The point of all of this is that we want to be able to apply this adaptive process to the management of project risks. There is how you can apply adaptive management to project risk management:

  1. Define a strategy: strategy is a combination all risk management strategies for multiple risks in the projects. Risks can be avoided, mitigated, transferred, or accepted. You would need to create appropriate risk mitigation and response plans.

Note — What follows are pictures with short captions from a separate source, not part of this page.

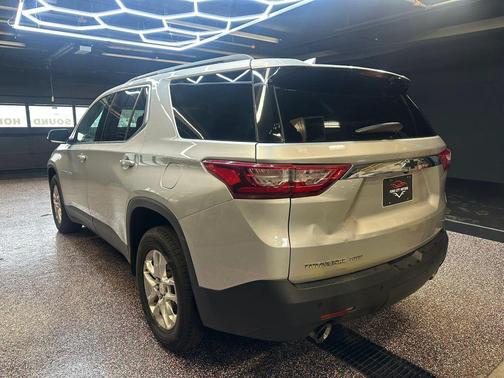 Silver Ice Metallic 2019 Chevrolet Traverse LT Cloth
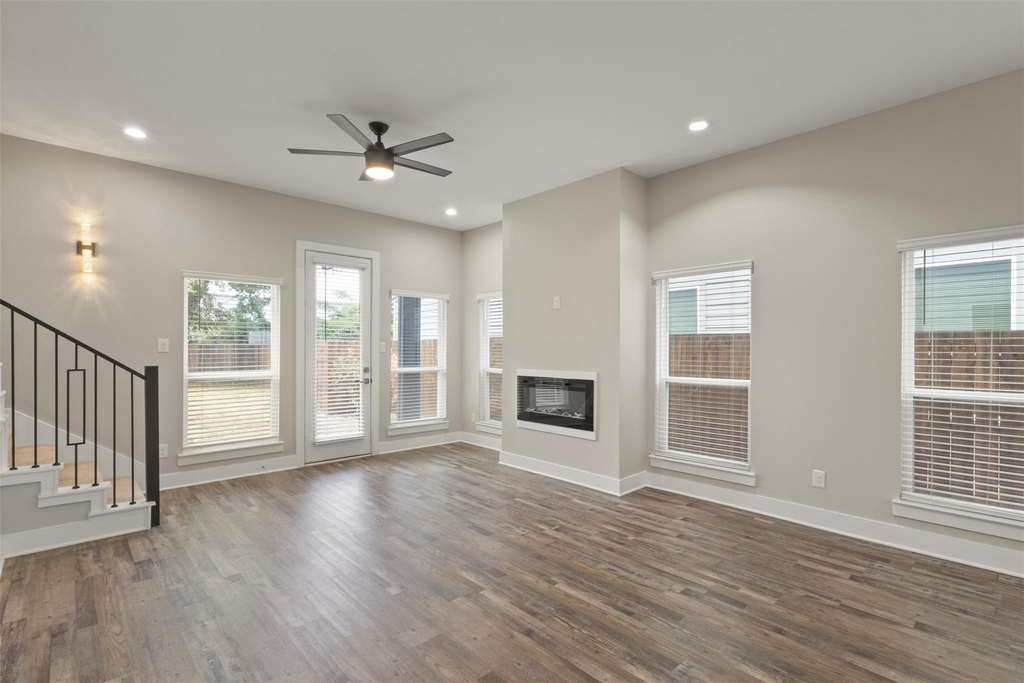 2811 Harston Street - Photo 21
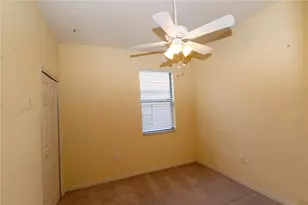 4316 Via Piedra Cir, Sarasota, FL 34233 - Photo 16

  2. Generate hypothesis. Here is one of the main differences between the traditional approach and adaptive management. You must generate multiple hypotheses at the same time and document them. In case of project management, this requires multiple risk mitigation and response plans for the same risks. Even it seems to be a time consuming exercise, it may save a lot of time and money in the long run.
  3. Create models and evaluate them. You would need to perform project risk analysis with multiple sets of risk mitigation and response plans. After this step, you will decide what plan worth execution. This selection can be based on an assessment of cost and duration of each model, which are essentially different project scenarios.
  4. Execute one or more models. Here is another difference between adaptive management and the traditional process. You may want to execute multiple mitigation or response plans at the same time and see which performs better.  For example, you may hire somebody to work with code developed by departed developer and at the same time develop new code.
  5. Perform project control and validate your hypothesis. Another important component of adaptive management is the control and evaluation during the execution of risk mitigation and response plans at each phase of the project. As part of project control, schedule risk analysis needs to be performed for all mitigation and response plans.
  6. Final evaluation of risk management strategy. This is done at major project milestones. At these junctures, you must determine if the overall risk management strategy is working. After this you may update your risk register including risk properties and perform schedule risk analysis.

Adaptive risk management is much broader concept than just updating probabilities and impacts, and other properties of the risks when project progresses. It includes generation of multiple hypotheses, modelling and execution some of them, and performing project control to determine if hypotheses and overall strategies are correct.